### [DESCRIPTION OF THE TASK]
In the records below, begin at the line that has "Jägerhof Wohlfühlwoche mit Thermenbesuch" and stop after the line that has "Lexus ES 2022-03 7254-11"; quote those lines verbatim and nothing more.

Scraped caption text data
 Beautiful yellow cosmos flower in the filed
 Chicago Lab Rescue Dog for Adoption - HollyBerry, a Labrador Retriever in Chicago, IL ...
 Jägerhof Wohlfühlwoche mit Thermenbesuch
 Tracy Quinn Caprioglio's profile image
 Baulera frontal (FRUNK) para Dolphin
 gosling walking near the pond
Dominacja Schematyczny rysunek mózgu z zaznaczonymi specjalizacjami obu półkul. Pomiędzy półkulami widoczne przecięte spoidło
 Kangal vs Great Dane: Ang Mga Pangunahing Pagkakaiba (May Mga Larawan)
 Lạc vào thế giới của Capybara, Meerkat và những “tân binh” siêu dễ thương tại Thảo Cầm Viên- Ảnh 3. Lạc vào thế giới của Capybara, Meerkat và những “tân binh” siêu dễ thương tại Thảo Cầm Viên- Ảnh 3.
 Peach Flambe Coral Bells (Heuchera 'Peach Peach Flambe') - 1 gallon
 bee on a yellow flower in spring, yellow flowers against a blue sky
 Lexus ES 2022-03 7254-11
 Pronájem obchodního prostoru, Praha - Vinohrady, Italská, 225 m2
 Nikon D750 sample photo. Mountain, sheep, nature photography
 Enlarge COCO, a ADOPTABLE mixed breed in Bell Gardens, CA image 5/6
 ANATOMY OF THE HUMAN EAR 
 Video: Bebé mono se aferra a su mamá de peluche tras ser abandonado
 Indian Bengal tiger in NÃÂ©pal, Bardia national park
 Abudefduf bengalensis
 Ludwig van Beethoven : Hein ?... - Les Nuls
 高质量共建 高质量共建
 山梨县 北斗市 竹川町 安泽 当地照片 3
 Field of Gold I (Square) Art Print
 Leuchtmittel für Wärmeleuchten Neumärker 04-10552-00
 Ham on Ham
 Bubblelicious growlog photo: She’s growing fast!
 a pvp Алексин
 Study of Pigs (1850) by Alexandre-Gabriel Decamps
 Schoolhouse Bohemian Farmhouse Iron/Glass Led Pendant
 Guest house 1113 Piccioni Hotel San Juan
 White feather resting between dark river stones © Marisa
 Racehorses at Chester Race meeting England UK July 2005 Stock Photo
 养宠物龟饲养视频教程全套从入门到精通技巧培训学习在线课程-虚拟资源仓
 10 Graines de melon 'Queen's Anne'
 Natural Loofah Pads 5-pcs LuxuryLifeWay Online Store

### [SOLUTION TO THIS TASK]
 Jägerhof Wohlfühlwoche mit Thermenbesuch
 Tracy Quinn Caprioglio's profile image
 Baulera frontal (FRUNK) para Dolphin
 gosling walking near the pond
Dominacja Schematyczny rysunek mózgu z zaznaczonymi specjalizacjami obu półkul. Pomiędzy półkulami widoczne przecięte spoidło
 Kangal vs Great Dane: Ang Mga Pangunahing Pagkakaiba (May Mga Larawan)
 Lạc vào thế giới của Capybara, Meerkat và những “tân binh” siêu dễ thương tại Thảo Cầm Viên- Ảnh 3. Lạc vào thế giới của Capybara, Meerkat và những “tân binh” siêu dễ thương tại Thảo Cầm Viên- Ảnh 3.
 Peach Flambe Coral Bells (Heuchera 'Peach Peach Flambe') - 1 gallon
 bee on a yellow flower in spring, yellow flowers against a blue sky
 Lexus ES 2022-03 7254-11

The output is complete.